* What you are asked to do *
Exactly the lines from the beginning of the records to the line with "Graphic Controls Industrial", both ends included, are to be given again, and pictures are to be left out.
The data below:
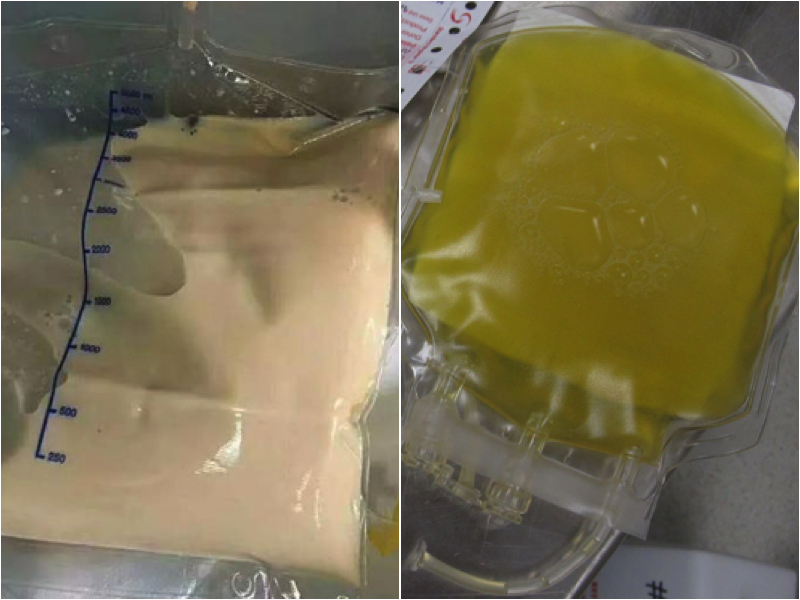 小琳血液中抽出的「豬油色」血漿（左）同正常血漿（右）的對比。（網絡圖片合成）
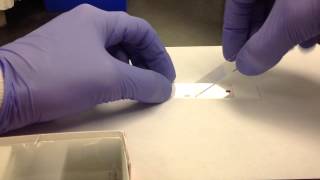 Hematology Making a Peripheral Blood Smear [upl. by Aihsi]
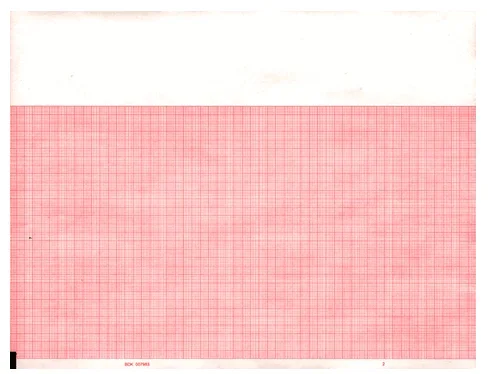 Graphic Controls Industrial Kendall ECG Recording Paper Thermal 8.47 Inch X 183 Foot Pad Red Grid – 31334595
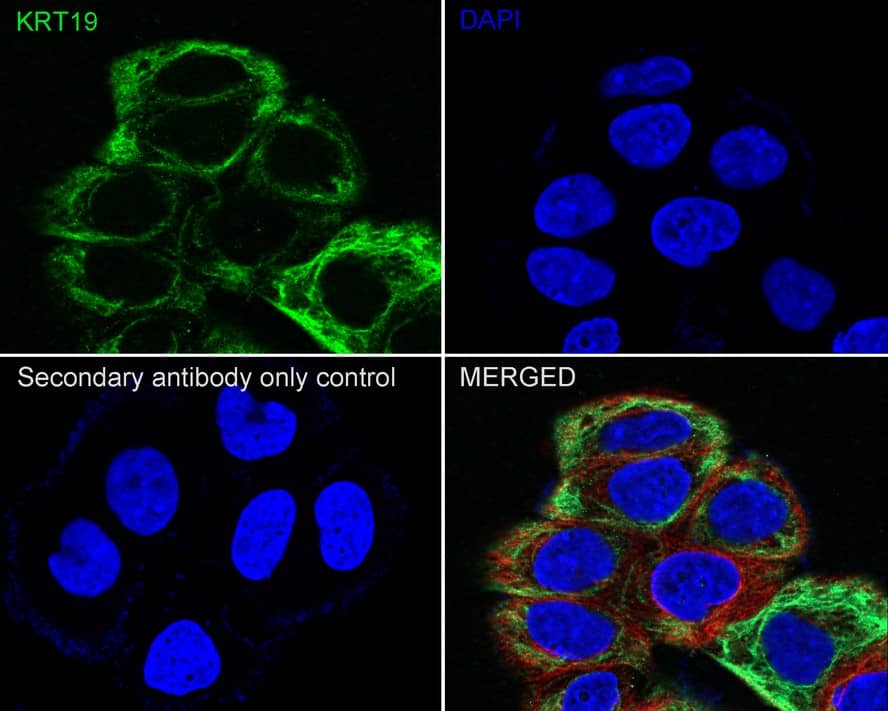 Immunocytochemistry/ Immunofluorescence: Cytokeratin 19 Antibody (A3D1-R) [NBP3-32247] - Immunocytochemistry analysis of MCF7 cells labeling Cytokeratin 19 with Mouse anti-Cytokeratin 19 antibody (NBP3-32247) at 1/200 dilution. Cells were fixed in 4% paraformaldehyde for 20 minutes at room temperature, permeabilized with 0.1% Triton X-100 in PBS for 5 minutes at room temperature, then blocked with 1% BSA in 10% negative goat serum for 1 hour at room temperature. Cells were then incubated with Mouse anti-Cytokeratin 19 antibody (NBP3-32247) at 1/200 dilution in 1% BSA in PBST overnight at 4 ℃. Goat Anti-Mouse IgG H&L (iFluor™ 488) was used as the secondary antibody at 1/1,000 dilution. PBS instead of the primary antibody was used as the secondary antibody only control. Nuclear DNA was labelled in blue with DAPI. beta Tubulin (red) was stained at 1/100 dilution overnight at +4℃. Goat Anti-Rabbit IgG H&L (iFluor™ 594) were used as the secondary antibody at 1/1,000 dilution.
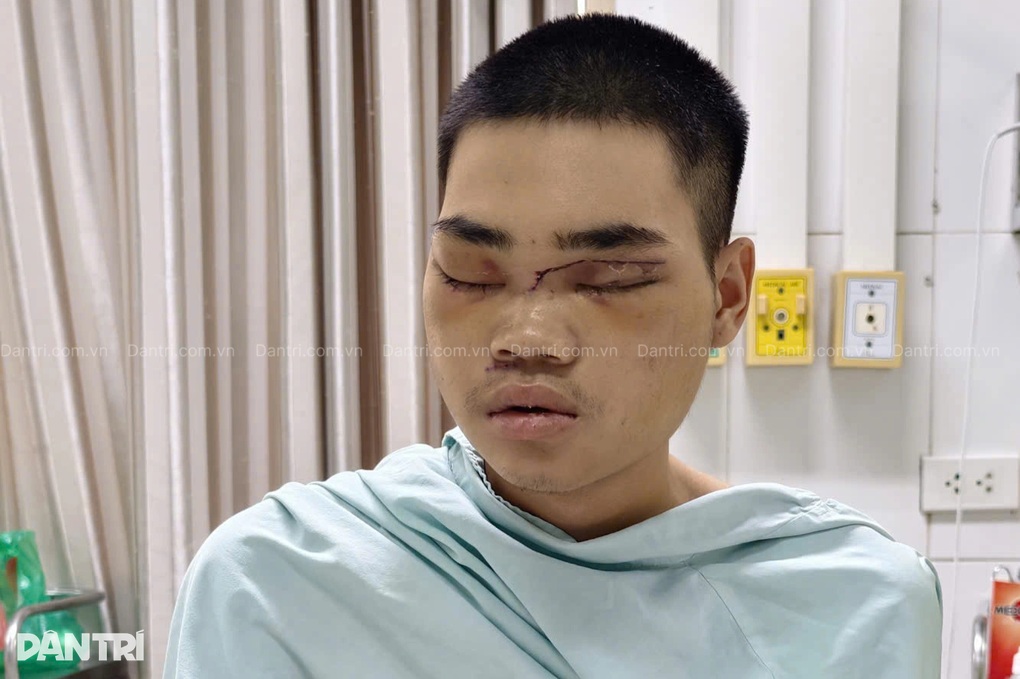 Con trai 24 tuổi gặp nạn, mờ mịt tương lai, mẹ đơn thân khẩn cầu sự giúp đỡ - 2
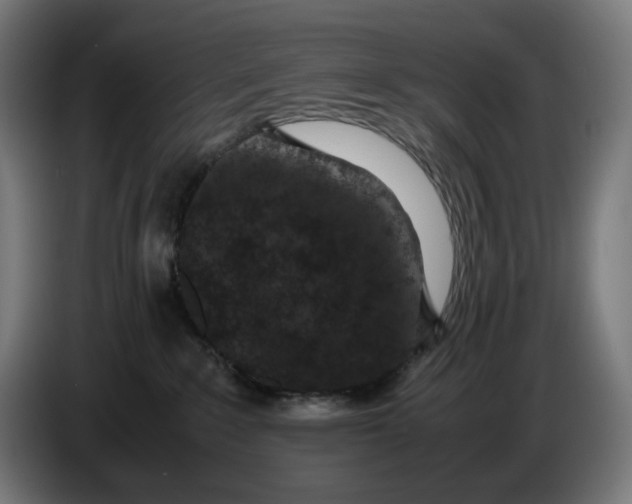 X0000086240235200704191827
End of The data.
* Solution to the problem *
 小琳血液中抽出的「豬油色」血漿（左）同正常血漿（右）的對比。（網絡圖片合成）
 Hematology Making a Peripheral Blood Smear [upl. by Aihsi]
 Graphic Controls Industrial Kendall ECG Recording Paper Thermal 8.47 Inch X 183 Foot Pad Red Grid – 31334595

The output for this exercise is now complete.